United States of America

BEFORE THE FEDERAL SERVICE IMPASSES PANEL

In the Matter of

DEPARTMENT OF THE TREASURY
U.S. CUSTOMS SERVICE
WASHINGTON, D.C.

and


NATIONAL TREASURY EMPLOYEES UNION

 

Case No. 01 FSIP 153

DECISION AND ORDER

    The National Treasury Employees Union (Union) filed a request for assistance with the Federal Services Impasses Panel (Panel) to consider a negotiation impasse under the Federal Service Labor-Management Relations Statute (Statute), 5 U.S.C. § 7119, between it and the Department of the Treasury, U.S. Customs Service, Washington, D.C. (Employer).

    Following investigation of the Union’s request for assistance, which involves an impasse over numerous issues which arose after the parties reopened their national labor agreement,(1) the Panel declined to assert jurisdiction over two issues which the Employer contended were outside its duty to bargain.(2) As to the remaining issues, the Panel determined that they should be resolved through the issuance of an Order to Show Cause.(3) In this regard, the parties were ordered to show why the Panel should not:

1. Impose the Arbitrator’s recommendations for settlement as to the disputed sections of Article 31 (Grievance Procedure), except for § 13.C (see below), Article 32 (Arbitration), Article 37 (Bargaining), except for those matters over which the Panel has declined jurisdiction, Article 45 (Public Transportation Incentive Program), Article 46 (Child Care Tuition Assistance Program), and Article 47 (Domestic Relocation Benefits).

2. Impose Article 31, § 13.C, as proposed by the Union on September 26, 2001, to reflect the mutual understanding of the parties on the processing of "mixed cases.(4)
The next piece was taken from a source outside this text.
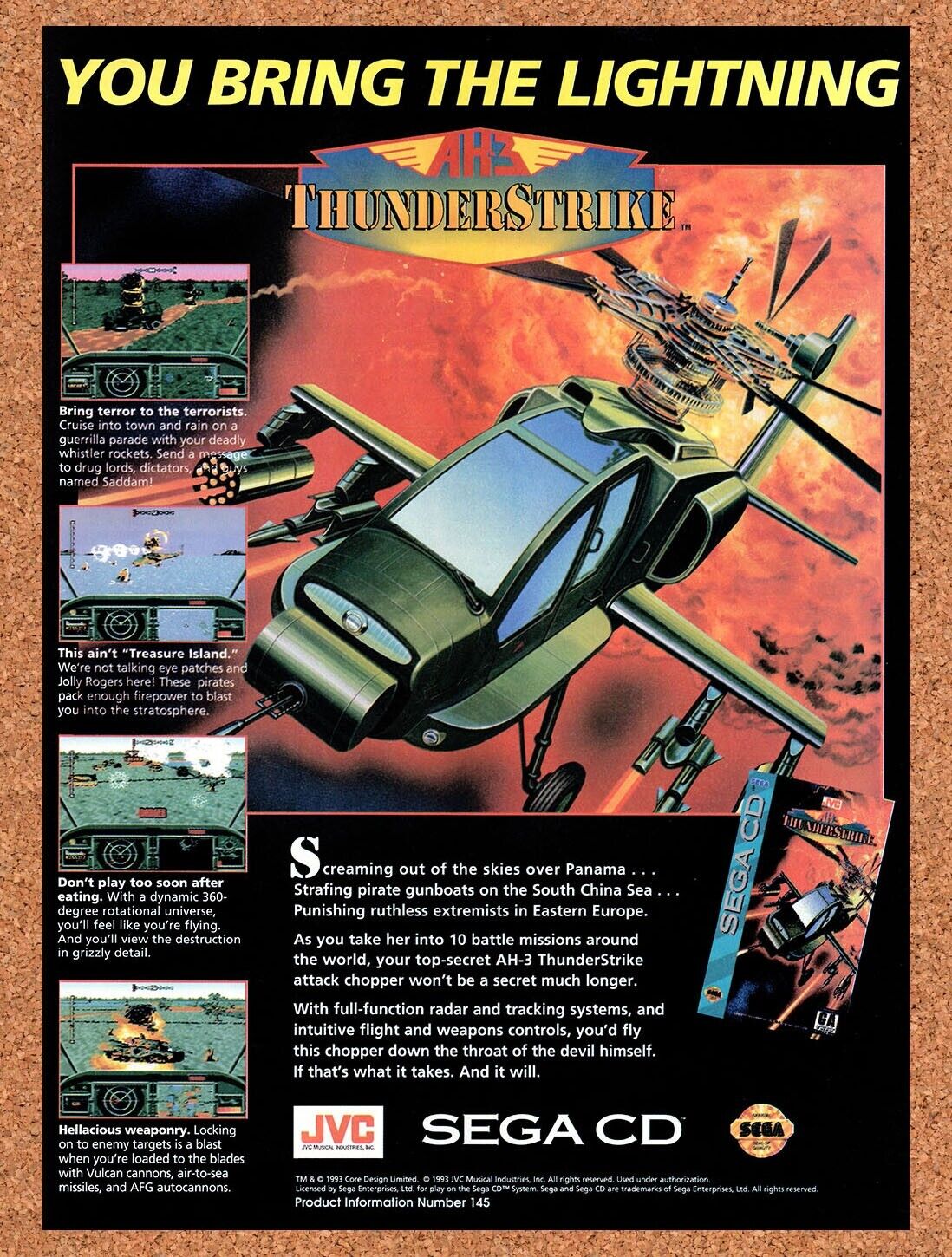 1994 Thunderstrike Sega CD Original Advertisement / Retro Wall Art v1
3. Impose the Arbitrator’s primary recommendation for Article 37, § 10.F., as neither party has expressed a preference for the Arbitrator’s alternative recommendation.

4. Order that any provisions it imposes to resolve the dispute in this case remain in effect for the term of the national labor agreement following its renegotiation.
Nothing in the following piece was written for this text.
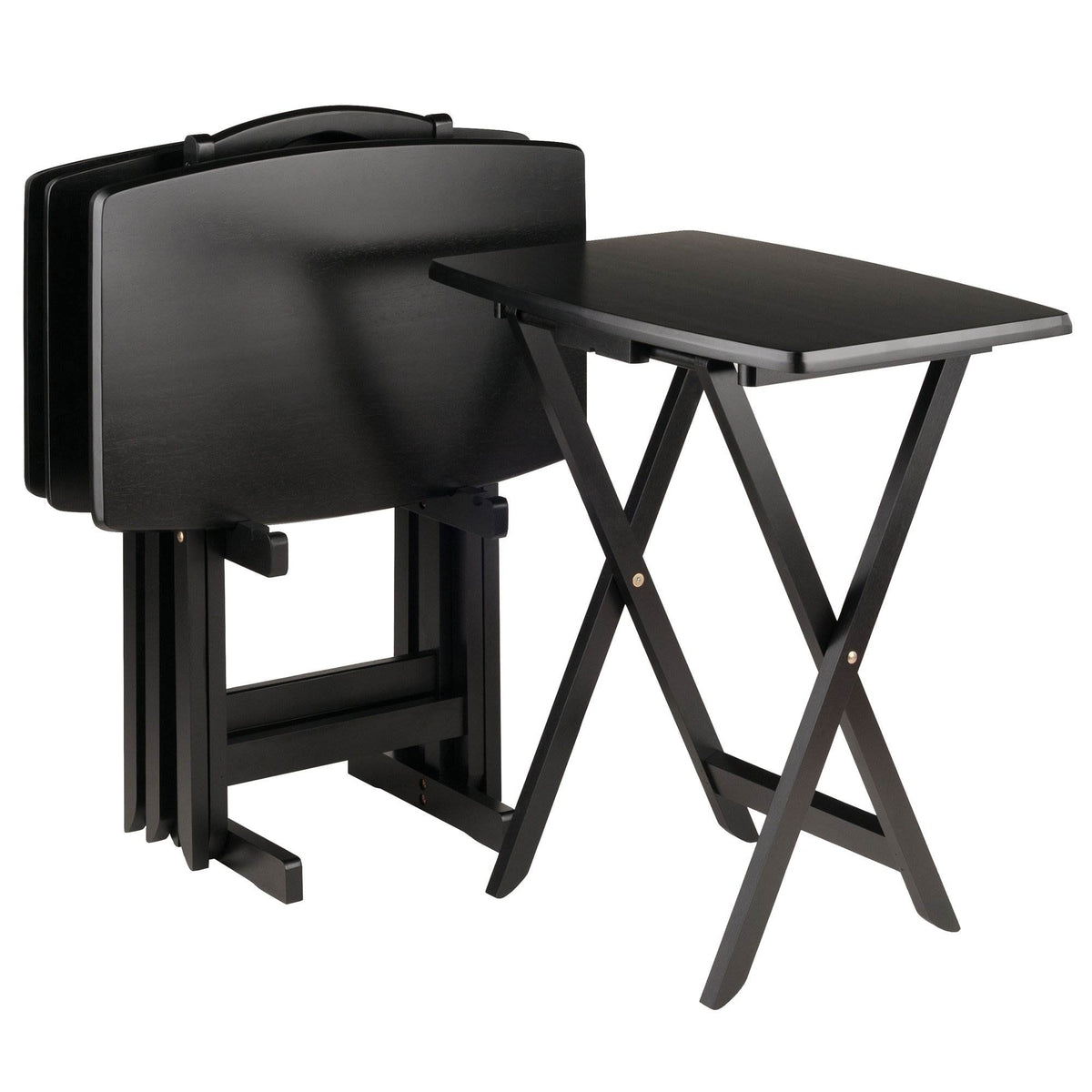 Winsome Dylan Wood 5 Piece Over Sized Folding TV Tray Table Set, (Open Box)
Pursuant to the Panel’s determination, both parties submitted written responses to the Order to Show Cause. The Panel has now considered the entire record.

BACKGROUND

    The Employer’s mission is the enforcement of customs and related laws and the collection of revenues from imports. The Union represents a nationwide consolidated bargaining unit of approximately 11,000 employees. Bargaining-unit employees hold positions such as customs inspector, import specialist, K-9 enforcement officer, and administrator, at grades GS-5 through GS-11. The parties’ national labor agreement expired on September 30, 1999. The parties currently are negotiating grounds rules for a successor national labor agreement.

ISSUES AT IMPASSE(5)

    In responding to the Order to Show Cause, the parties (either one side, or both) only contest the Arbitrator’s recommendations for settlement regarding the following issues: (1) Article 31, § 10, Step 2.E (circumstances under which the parties may waive Step 2 of their expedited grievance procedure for grievances involving suspensions of 1 to 14 days); (2) Article 37, § 6.A (whether Employer notices of proposed national changes should be served on the Union in consolidated packages on a quarterly basis, and whether the Union should be given equipment to expedite its responses to such proposed changes); (3) Article 37, § 10.F (procedures for resolving impasses reached during mid-term bargaining); and (4) Article 45 (among other things, whether the Employer should pay employees the maximum tax-free subsidy allowed by law for using public transportation). In addition, (5) the Employer proposes that the Panel modify the wording set forth in paragraph 4 of the Order to Show Cause regarding whether the provisions imposed to resolve the dispute in this case should remain in effect for the term of the national labor agreement following its renegotiation.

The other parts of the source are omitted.